Verbrechen
Stories

von Ferdinand von Schirach

Derzeit nicht lieferbar

Verlag: Piper
Format: Hardcover
Genre: Belletristik/Gegenwartsliteratur (ab 1945)
Umfang: 208 Seiten
Erscheinungsdatum: 01.08.2009

Rezension aus FALTER 48/2009

Schuld und Sühne

In "Verbrechen" verwandelt der Berliner Anwalt Ferdinand von Schirach Justizfälle in fesselnde Literatur

Buch vom Verlag bekommen. Buch weggelegt: zu reißerisch der Umschlagtext und beinahe schon lachhaft bedeutungsgeladen, wie ein PR-Gag der Name des Autors: Ferdinand von Schirach, Strafverteidiger aus Berlin.
Ja, er ist verwandt. Der Enkel des Gauleiters von Wien, der 60.000 Juden deportieren ließ. Und er schreibt Justizgeschichten. Die Story lässt sich vermarkten. Das deutsche Feuilleton ist schon aufgesprungen. Na, sicher! Buch weggelegt. Nicht mal reingeschaut – und innerhalb einer Minute Opfer des eigenen Hochmuts geworden.
Gott sei Dank noch rechtzeitig draufgekommen. Ein paar Wochen später in einer Literaturzeitschrift zufällig auf einen kurzen Text Ferdinand von Schirachs über sein Schreiben gestoßen. Auf Hohn getrimmt mit dem Lesen begonnen und mit jedem Satz kleinlauter geworden, verblüffter.
Von der Undenkbarkeit der Strafjustiz ohne Nikotin ist da die Rede, vom Zu-viel-Rauchen, von schlechtem Namensgedächtnis und intensiven Sinneseindrücken, von tausenden Obduktionsbildern, von der vergeblichen Suche nach Schreibmotiven und von der Mac-Schrift Scrivener: "Klar, schnörkellos, perfekt" nennt sie Schirach. Wie dieser Ton, denkt man. Vor allem dieser ganz eigene Ton. Hochliterarisch.
Zurück zum Buch also. Zu lesen begonnen. Nicht mehr aufgehört. Bis zur letzten Seite. Gebannt, hochkonzentriert, voller Bewunderung. Zahl der seither verschenkten Exemplare: sechs. In den letzten Wochen über das Buch geführte Gespräche: über ein Dutzend. Mehr kann man sich von einem Buch nicht wünschen.
"Verbrechen" besteht aus elf Stories über Fälle aus Schirachs anwaltlicher Praxis als Strafverteidiger. Verschiedene Begriffe von Wahrheit sind ihr Thema. Es geht um Verbrecher und ihre Taten, um Schuld und Bestrafung, um Beweis und Urteilsfindung.
Er habe, sagt der 45-Jährige in Interviews über sein Buchdebüt, alles so verändert, dass auch die spektakulärsten Fälle nicht wiedererkennbar oder nachrecherchierbar seien. Nur die Essenz der Fälle sei gleich geblieben. In einem literarischen Sinn seien sie so wahr wie Viscontis Verfilmung von Thomas Manns "Tod in Venedig": Buch und Film mögen sich voneinander unterscheiden, erzeugen aber dieselbe Melodie, lassen dasselbe Gefühl entstehen. Darin liegt ihre literarische Wahrheit.

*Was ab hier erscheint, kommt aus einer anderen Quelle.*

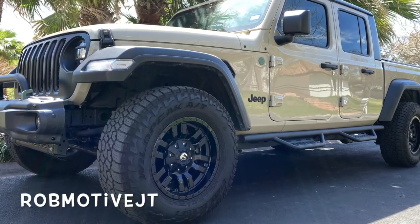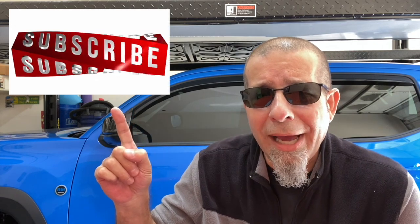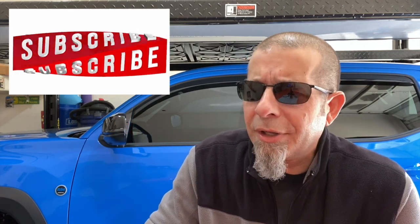Also, real quick — if you're interested, I have two other channels. The first is RobMotiveJT, all about my 2020 Jeep Gladiator. The second is RobMotive Civic, all about my experiences with the Honda Civic Type R and the Honda Civic Sport Hatch. Check them out. If you're interested, please consider subscribing. Don't forget to click that notification bell so you don't miss upcoming videos, and smash that subscribe button on the way out. Thanks for watching. Stay safe out there. Bye.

Das ist auch das Faszinierende an diesem Buch. Dass das Literarische, die Sprache der Literatur im Vordergrund steht, obwohl es um so dramatische, zum Teil fast unvorstellbare Fallgeschichten aus einer realen anwaltlichen Praxis geht: um brutale Gewalt, um Mord und Totschlag, Folter, Raub, Kannibalismus, Profikiller, Leichenzerstückelung, Geschwister- und Gattentötung.
All das vermag Schirachs Sprache nicht zu dominieren. Sensationsgeilheit ist es nicht, was die Sogwirkung seiner Storys ausmacht. Es ist sein genauer, durchgearbeiteter, kunstvoll prägnanter Stil, der die Geschichten aus der Kolportage in die Hochliteratur führt und sie zu aufwühlenden Texten werden lässt.
Wer nur von den ungeheuerlichen Fällen erzählt, die Schirach zum Thema gemacht hat, wer nur den Inhalt seiner Geschichten referiert, wenn er über das Buch spricht, der greift viel zu kurz.
Man muss über die Verwandlung von Wirklichkeit in Literatur sprechen und über die erstaunliche Haltung, die der Autor und Anwalt als Schriftsteller zu den Themen Schuld und Wahrheit einnimmt, die in der Justiz und im Leben ganz unterschiedlich gehandhabt werden. Im einen Fall haben sie mit der Frage der Beweisbarkeit, im zweiten mit Glauben zu tun.
Schirachs Blick ist mitfühlend, dis­tanziert und nüchtern zugleich. Er schreibt über das Verstehen einer Tat im Sinn von Nachvollziehbarkeit, was nicht gleichzusetzen ist mit deren Entschuldigung.
"Fähner war kein moderner Mensch. Sein Versprechen war ernsthaft. Es hatte ihn sein ganzes Leben lang gebunden, mehr noch: Er wurde zum Gefangenen. Fähner konnte sich nicht befreien, das wäre Verrat gewesen. Die Gewalteruption war das Bersten des Druckbehälters, in den er lebenslang durch seinen Eid eingesperrt war." So heißt es über einen geachteten Kleinstadtarzt in der Geschichte "Fähner" ("2800 Krankenscheine pro Jahr, Praxis an der Hauptstraße, Vorsitzender des Kulturkreises Ägypten, Mitglied im Lionsclub, keine Straftaten"), der eines Tages seine Frau in den Keller bittet, ihr mit der Axt den Schädel spaltet, die Leiche zerstückelt und dann die Polizei anruft.

"In der Sache gab es nichts zu verteidigen. Es war ein rechtsphilosophisches Problem: Was ist der Sinn von Strafe?", schreibt Schirach, der in allen Geschichten äußerst diskret und kurz in der Rolle seiner selbst, nämlich als mit dem Fall befasster Strafverteidiger und Ich-Erzähler auftaucht. Doch wie gesagt: zurückhaltend.
Meistens erzählt er aus der Perspektive seiner Figuren. Dann staunt man über sein Vermögen, in nur vier, fünf kurzen Sätzen eine Stimmung, ein Gefühl für eine Atmosphäre, ein Gesicht, einen Charakter erstehen zu lassen.
"Die großen Schlussvorträge passen in frühere Jahrhunderte. Die Deutschen mögen kein Pathos mehr, es hatte einfach zu viel davon gegeben", schreibt Schirach in der Geschichte "Der Äthiopier". Dass er sich angesichts des Verlaufs, den diese Story eines Mehrfach-Bankräubers nimmt, nicht heillos in Schmalz und Kitsch verheddert, darf man als echte Meisterleistung werten.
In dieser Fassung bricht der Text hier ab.